Description of the Physically Random Numbers on this CDROM

This document describes how the files of random bytes contained on this CDROM were generated, and why we believe that they are, in a mathematically definable sense "perfectly" random. (Note that we do not warrant this randomness in any legal respect, however.)

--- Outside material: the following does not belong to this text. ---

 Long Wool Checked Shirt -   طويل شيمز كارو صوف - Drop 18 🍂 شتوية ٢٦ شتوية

The files are produced in two stages: a "collection" phase, where raw files of random bits are collected from a device with a great deal of physical randomness; and a "perfection" stage, where several raw files are overlaid and shuffled in a manner designed to saturate (in a definable sense) the randomness of the resulting file. We discuss each of these phases in turn.

Collection Phase

Professor Paul Horowitz, of Harvard University, kindly constructed for us an electronic source of physical randomness. The analog noise source is a transistor junction that is biased to function as an avalanche diode. Physically, the noise current from this junction is generated by the random creation of electron-hole pairs in the junction, due to thermal noise (and, ultimately, quantum mechanical processes). Experimentally, the output of the device, viewed with a spectrum analyzer, is flat from close to D.C. out to 50 MHz.

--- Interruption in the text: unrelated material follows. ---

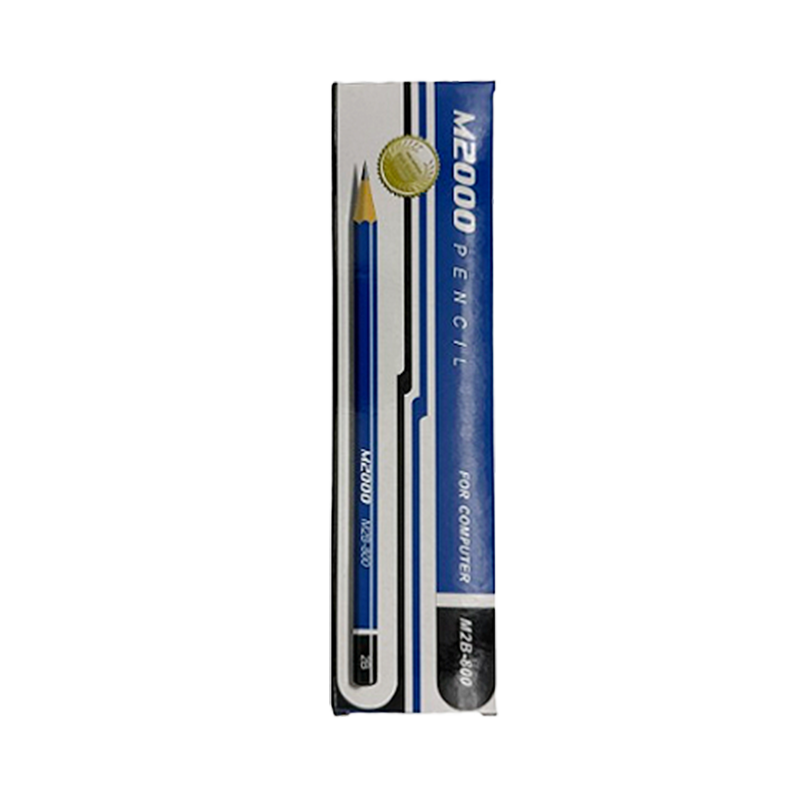 Customizable 2B HB Standard Pencils Classic Design Made from High Quality Materials Resistant to Breakage Hexagonal Shape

The "Hororan" circuit (shown in an attached document) samples the amplified analog voltage from the noise junction at a rate that is 8 times the desired baud rate for output (the latter typically 38.4 Kbps or 115.2 Kbps). The sample duration ("aperture") is very short, about 2 nanoseconds for the LT1016 latched comparator, so there is plenty of aliasing of the higher available frequencies into the sampled value. If the sample voltage is positive, a digital "1" bit is generated; if it is negative, a digital "0" bit is generated. The collected bits are continuously exclusive-or'd (XOR's) into a register. After every 8 bits are collected, the state of the register is output as one bit in the raw file. After every eight output bits, the next two output bits are discarded during the formatting of the required RS232 stop and start bits. The digital XOR and start/stop formatting functions are performed by a 26V12 PAL, whose programming is included here.

For a readable account of the sort of analog and digital electronics used in this circuit, see The Art of Electronics, by Horowitz and Hill, Cambridge University Press, 1989, ISBN 0-521-37095-7.

It is intentional that we do not do any more complicated digital processing (mixing, scrambling, encrypting, etc.) within the Hororan box, because we want to be able to measure, and characterize, the degree of randomness coming out of the box. The box indeed has a measurable nonrandomness in its 1-point statistic. That is, the number of output 1's and 0's are not exactly equal but differ by, typically, a few parts in 10^4. (Indeed, the box has a trim adjustment to minimize this nonrandomness.) Notice that it requires several times 10^8 collected bits even to measure this bias convincingly -- but we have satisfied ourselves that it is present. The bias drifts slowly with time, presumably in response to thermal and other environmental changes.

We are unable to find, in numerical experiment, any trace of nonrandomness in the higher-point statistics of the raw collected bits. In particular, we have not been able to find (in several times 10^9 collected bits) any 2-point nonrandomness, either in the autocorrelation at small lags, or in the power spectrum at likely frequencies such as 60 Hz or its first few harmonics. On the basis of the physical construction of the Hororan box, we believe that M-point statistics with M > 2 (with the exception of high-point statistics that are the result of slow drifts in the 1-point bias) should be strongly decreasing with M. The reason is essentially that the transistor junction has no "memory" and has an internal timescale on the order of the reciprocal of its 50 MHz bandwidth.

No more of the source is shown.